Polyoxometalate Metal–Organic Frameworks: Keggin Clusters Encapsulated into Silver-Triazole Nanocages and Open Frameworks with Supercapacitor Performance

Abstract

To investigate the relationship between the structures of polyoxometalate host-guest materials and their energy-storage performance, three novel polyoxometalate-based metal-organic compounds, [Ag₁₀(C₂H₂N₃)₈][HVW₁₂O₄₀], [Ag₁₀(C₂H₂N₃)₆][SiW₁₂O₄₀], and [Ag(C₂H₂N₃)][Ag₁₂(C₂H₂N₃)₉][H₂BW₁₂O₄₀] are synthesized by a one-step hydrothermal method and further confirmed by single-crystal X-ray diffraction analyses and other numerous characterization techniques. In compound [Ag₁₀(C₂H₂N₃)₈][HVW₁₂O₄₀], the Keggin clusters are intersected into channels formed by a 3D open metal-organic framework. In contrast, in compounds [Ag₁₀(C₂H₂N₃)₆][SiW₁₂O₄₀] and [Ag(C₂H₂N₃)][Ag₁₂(C₂H₂N₃)₉][H₂BW₁₂O₄₀], the Keggin clusters are encapsulated into silver-triazole metal-organic nanocages to construct core-shell structures, which are further fused together by covalent bonds to form 3D polyoxometalate-based metal-organic frameworks.

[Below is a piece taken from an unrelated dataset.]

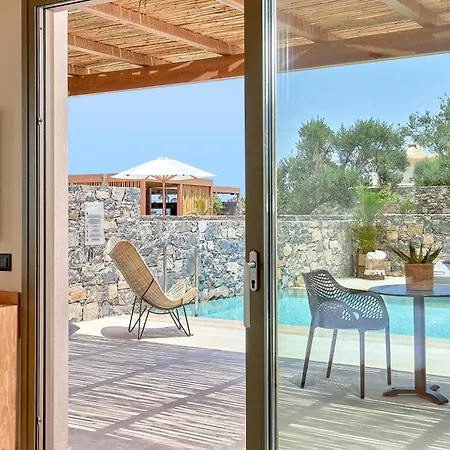 Sentido Amounda Bay-3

The electrochemical properties of three compound-based electrodes are estimated by cyclic voltammetry, galvanostatic charge-discharge, electrochemically active surface area, and electrochemical impedance spectroscopy. The results of the electrochemical performance tests indicate that these compounds possess high specific capacitance and cycling stability, especially [Ag₁₀(C₂H₂N₃)₈][HVW₁₂O₄₀], showing a specific capacitance of 93.5 F g^-1, which is higher than that of many other polyoxometalate-based electrode materials. A possible mechanism of the electrochemical performance is explored, which is mainly related to the redox capacity of polyoxometalate, the electrochemically active surface area, the electrochemical impedance spectroscopy, and the microstructures of polyoxometalate-based metal-organic frameworks.